TASK DIRECTIONS
With the pictures removed, please write out every line below exactly as given.

PROVIDED MATERIAL
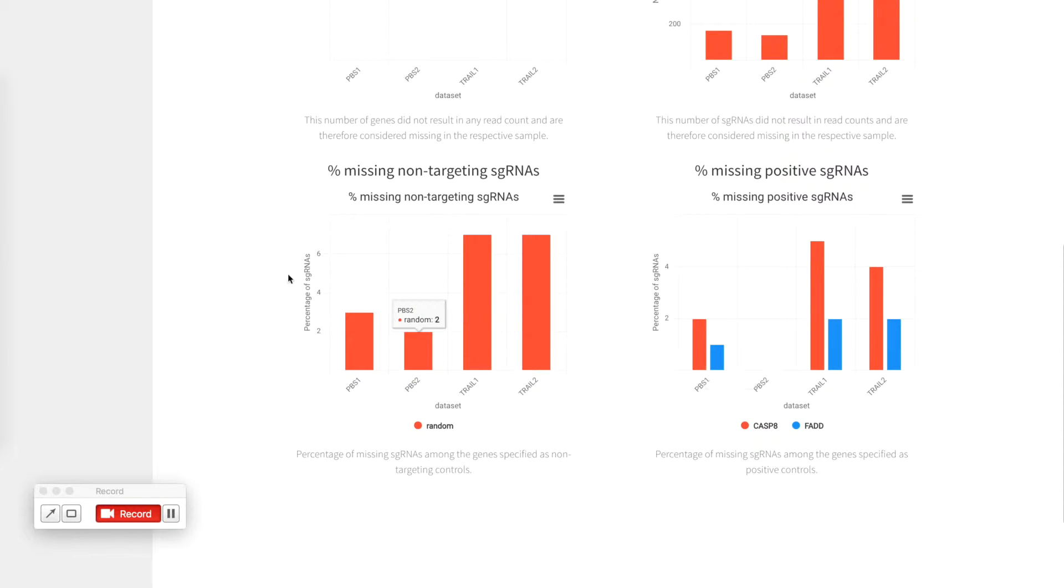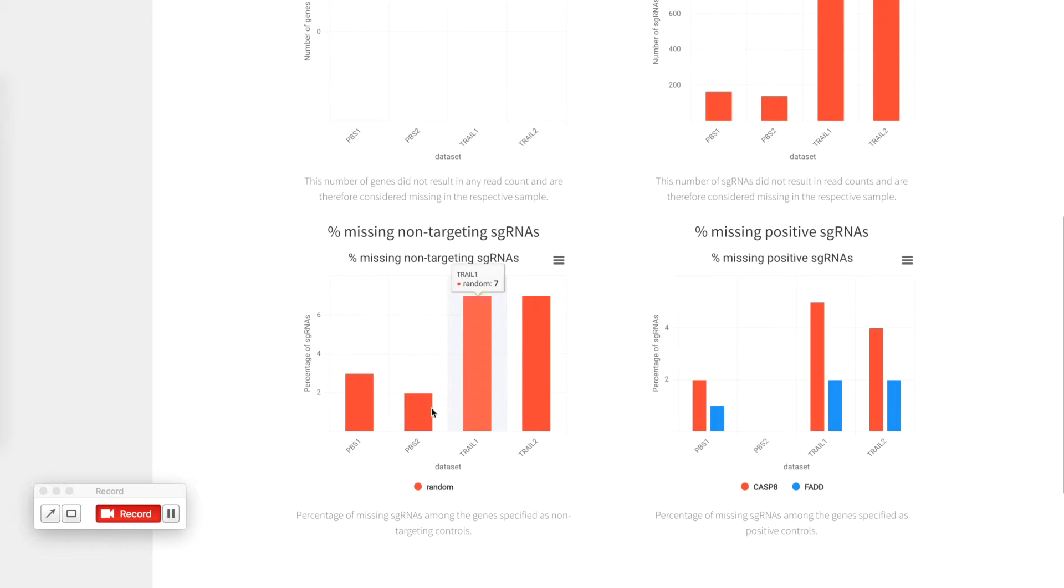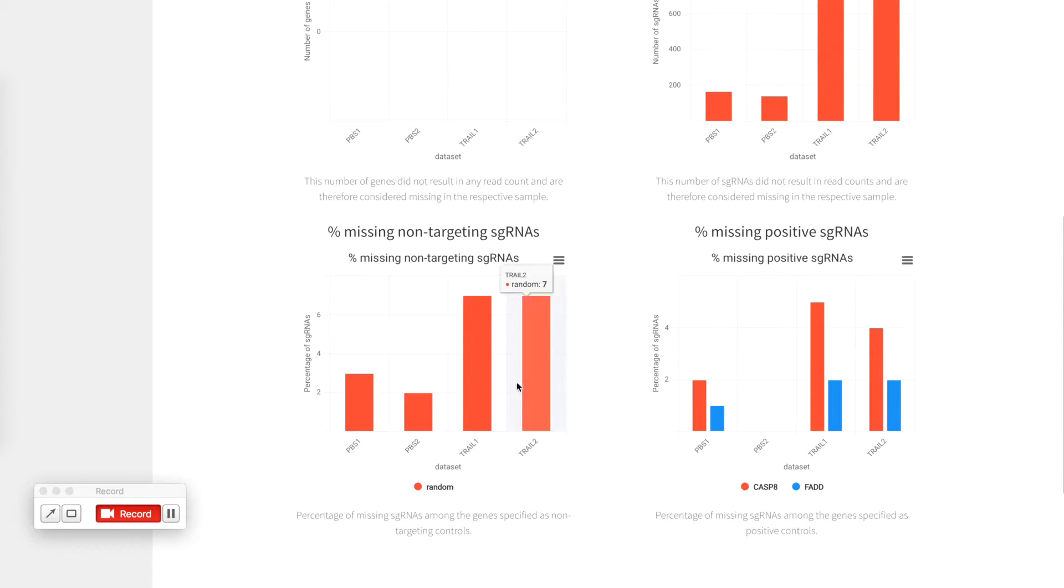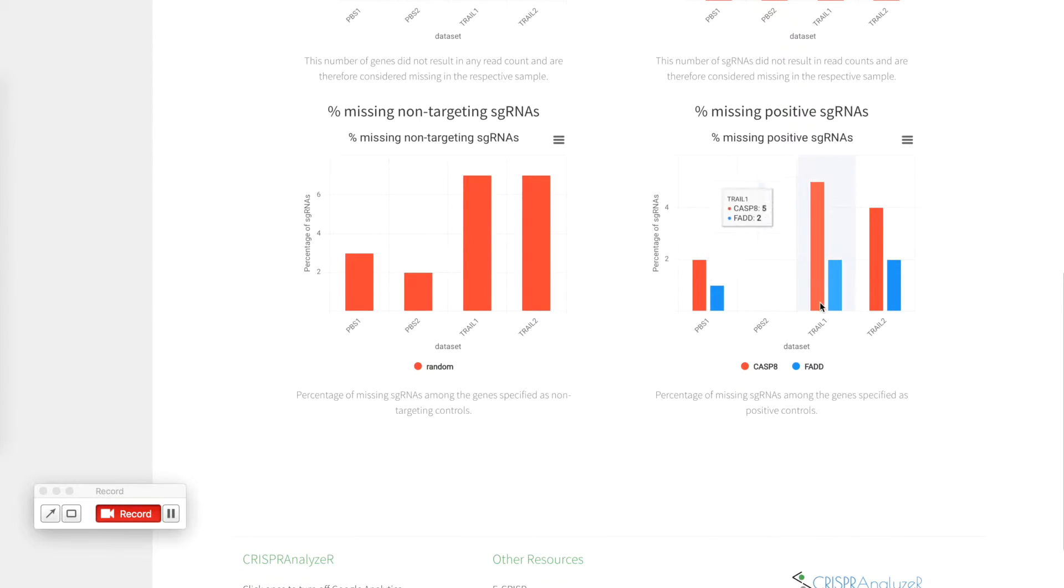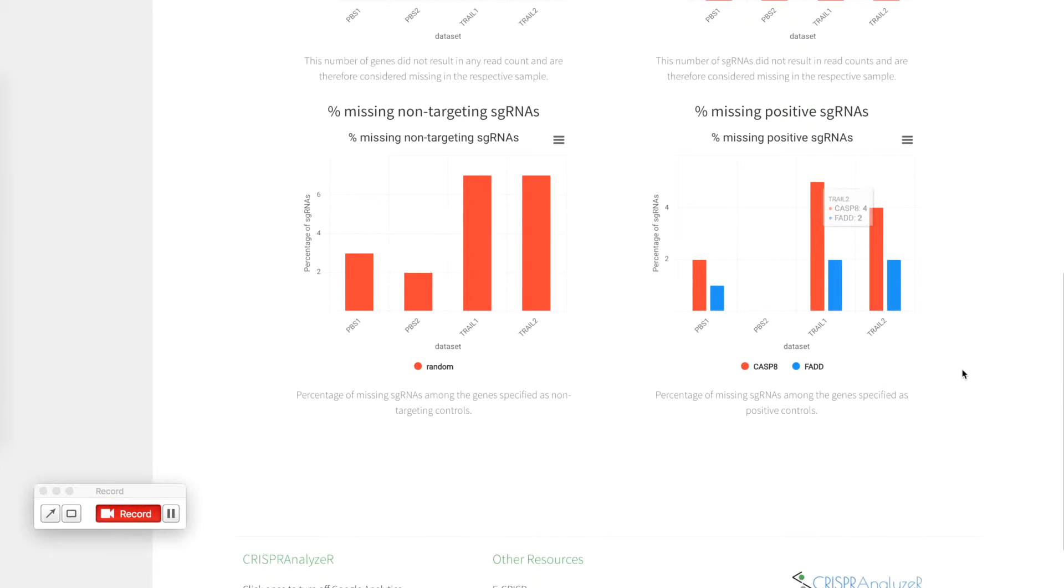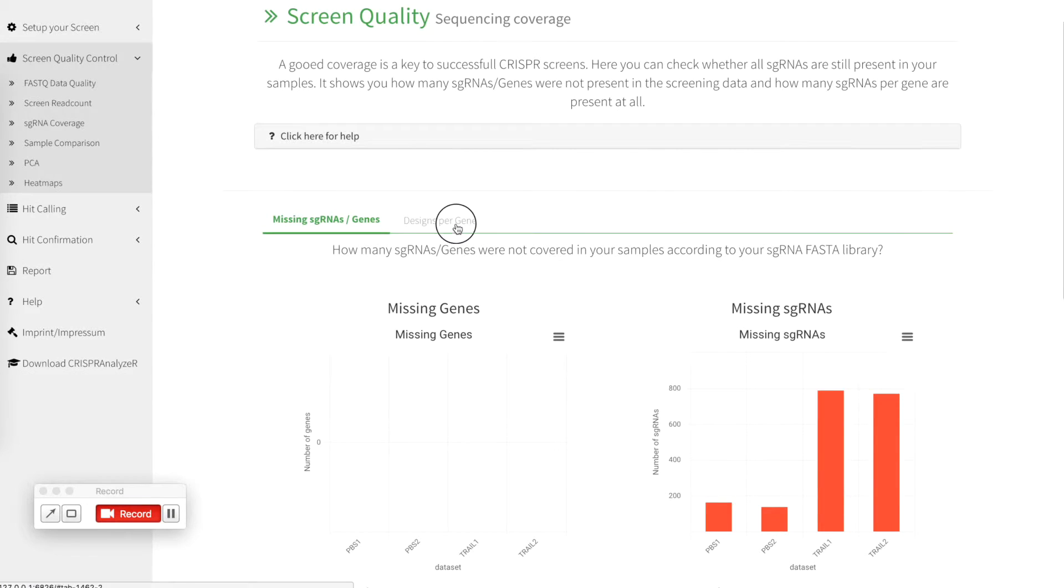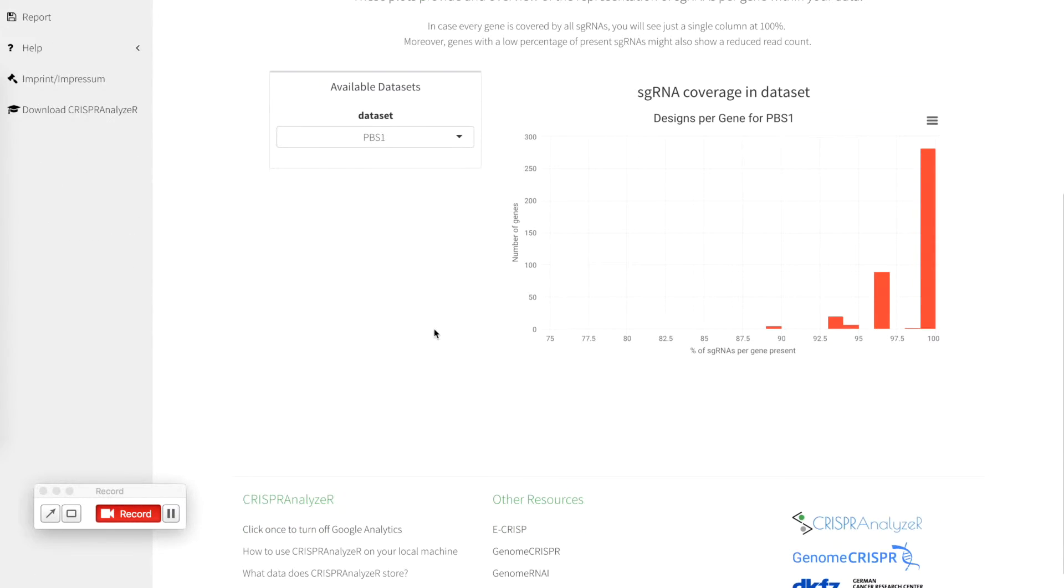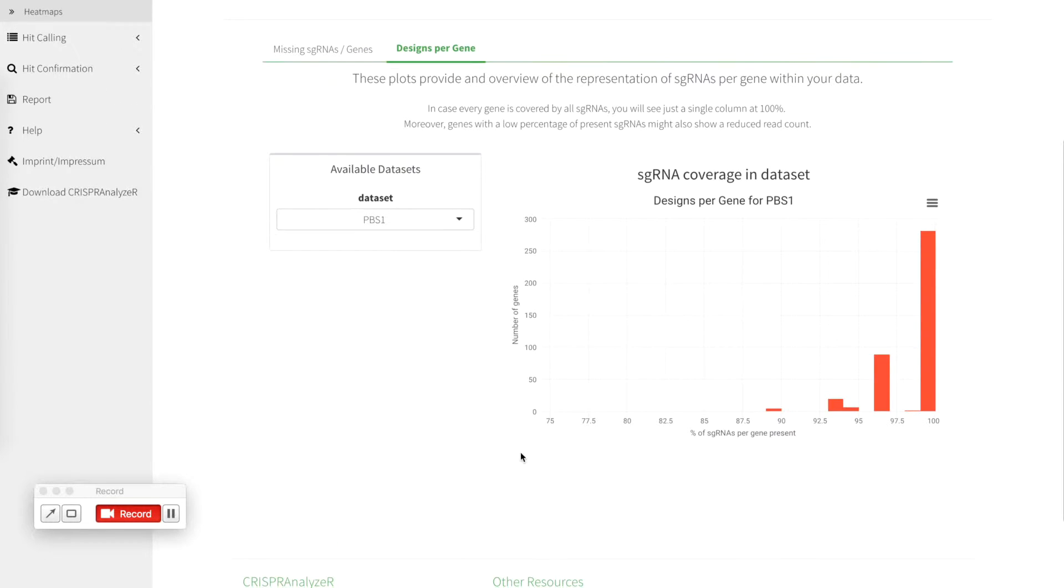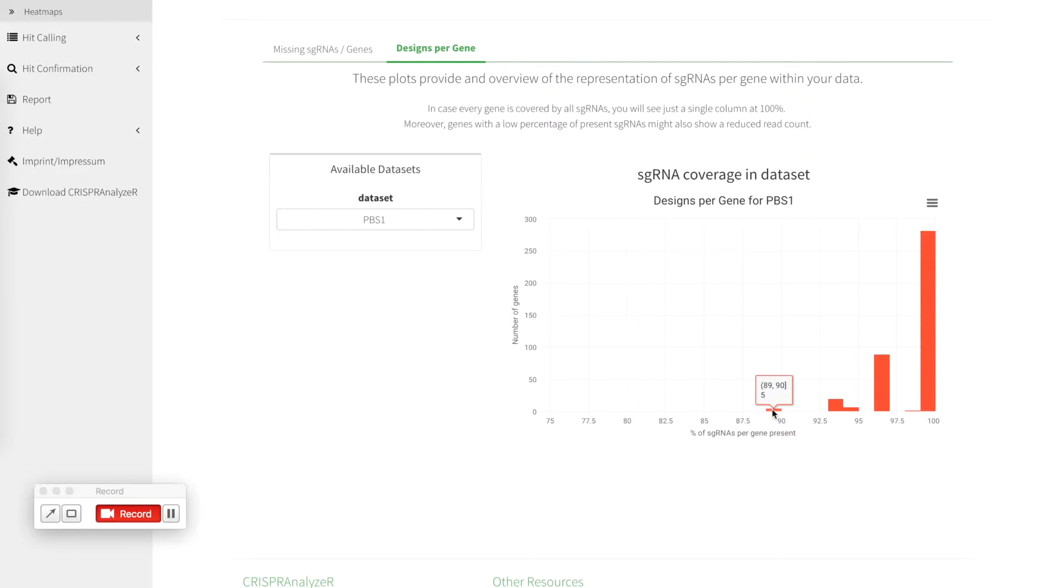You can also see the percentage of missing non-targeting sgRNAs. This should be more or less the same, it's a good quality control and the same for your positive controls. You can also check the designs per gene which means that for example in our previous one data set for 282 genes we have 99 to 100 percent of all sgRNAs and there are 5 genes that only show between 89 and 90 percent of all sgRNAs present.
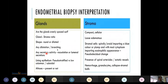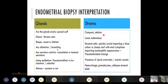For microscopic interpretation, we look at glands and stroma. For glands: whether evenly spaced, gland-to-stroma ratio, if glands are round or dilated, branching, secretory activity such as vacuolation or luminal secretions, and lining epithelium (pseudo-stratified, low cuboidal, or columnar, and presence of mitosis). For stroma: whether compact or cellular, spindly cells imparting a blue color or plump cells with moderate cytoplasm imparting eosinophilic appearance (pseudo-decidual change seen with progesterone effect in secretory endometrium). Also noted are spiral arterioles, ectatic vessels, hemorrhage, granulocytes, and collapsed stromal balls.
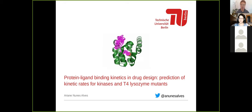Last year, she became a junior group leader at the Technical University of Berlin. The aim of her lab is to understand how drugs and small molecules bind to their molecular partners in vitro and inside cells. Today she will talk about protein-ligand binding kinetics in drug discovery. Please send questions via the chat box.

WRITTEN SOLUTION
You can also see the percentage of missing non-targeting sgRNAs. This should be more or less the same, it's a good quality control and the same for your positive controls. You can also check the designs per gene which means that for example in our previous one data set for 282 genes we have 99 to 100 percent of all sgRNAs and there are 5 genes that only show between 89 and 90 percent of all sgRNAs present.
For microscopic interpretation, we look at glands and stroma. For glands: whether evenly spaced, gland-to-stroma ratio, if glands are round or dilated, branching, secretory activity such as vacuolation or luminal secretions, and lining epithelium (pseudo-stratified, low cuboidal, or columnar, and presence of mitosis). For stroma: whether compact or cellular, spindly cells imparting a blue color or plump cells with moderate cytoplasm imparting eosinophilic appearance (pseudo-decidual change seen with progesterone effect in secretory endometrium). Also noted are spiral arterioles, ectatic vessels, hemorrhage, granulocytes, and collapsed stromal balls.
Last year, she became a junior group leader at the Technical University of Berlin. The aim of her lab is to understand how drugs and small molecules bind to their molecular partners in vitro and inside cells. Today she will talk about protein-ligand binding kinetics in drug discovery. Please send questions via the chat box.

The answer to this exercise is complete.